Прояснившееся было зрение снова дало сбой, остаток руки вдруг распух до невероятных размеров и стали видны вплоть до мельчайшей детали ведущие в тупик вены под прозрачной кожей и черный подтек под округлым кусочком выступившей кости, затянутой плотной пленкой биопластика.
Арин увидел над собой чьи-то изумленные глаза, рванулся с колен, задохнувшись от боли:
Убейте меня.
В чужих глазах появился страх, и человек исчез.
Арин оперся рукой о стену, опустил голову, справляясь с мучительной тошнотой:
Убейте же меня кто-нибудь…
Правильно. Нужно найти кого-то, кто меня бы убил и побыстрее. Улица. Это улица и здесь ходят люди, нужно только найти кого-нибудь… Хоть кого-нибудь.
Собравшись с силами, Арин нашел нужное направление — в конце переулка виднелся желтоватый свет вывески какого-то бара.

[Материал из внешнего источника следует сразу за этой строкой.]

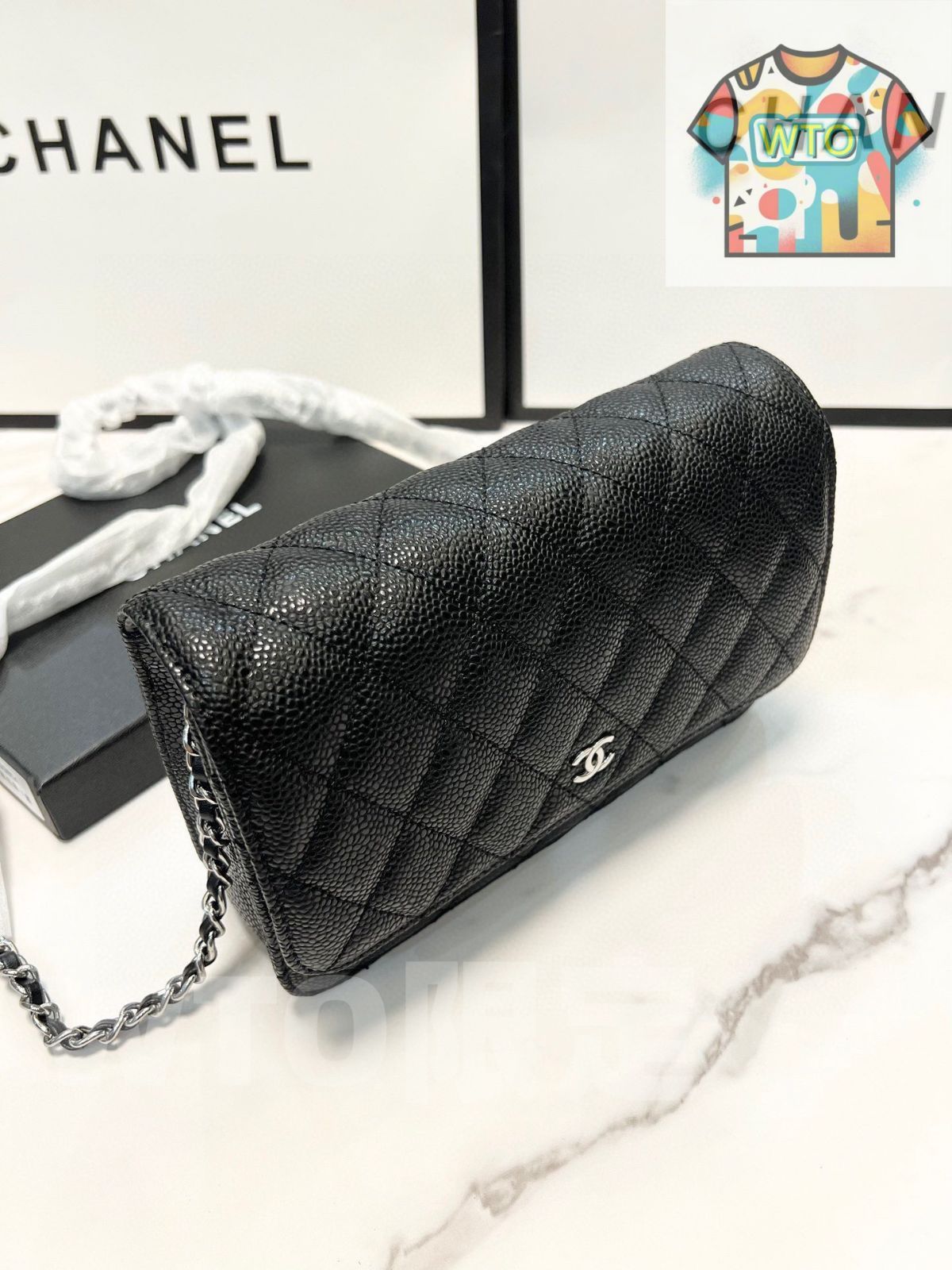 今日WTO】Chanel 香奈儿 黒色 ワンウェイクロスボックス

Выбравшись из узкого прохода между стен, он наткнулся на высокого подростка в яркой зеленой курточке. От подростка явственно пахло спиртным и сладким дымом синтетического наркотика.
Увидев Арина, он шарахнулся в сторону, но Арин не дал ему уйти, схватившись уцелевшей рукой за его рукав.
Ты можешь меня убить? — коротко спросил он.
Ты долбанутый?
Какого черта? — сорвался на крик Арин. — Какого черта? Ты ничего обо мне не знаешь, ты меня никогда не видел, разве сложно меня убить?
Парень некоторое время постоял молча, сказал тихо:
Хочешь, денег дам? Только иди отсюда, на тебя смотреть страшно.
Пошел на хер, ублюдок.
Арин обошел его, пошатнувшись, выбрался в освещенный круг у самых дверей бара, встретил недоуменные взгляды нескольких пар глаз — проститутки, коротающие время в ожидании барыг наркоманы.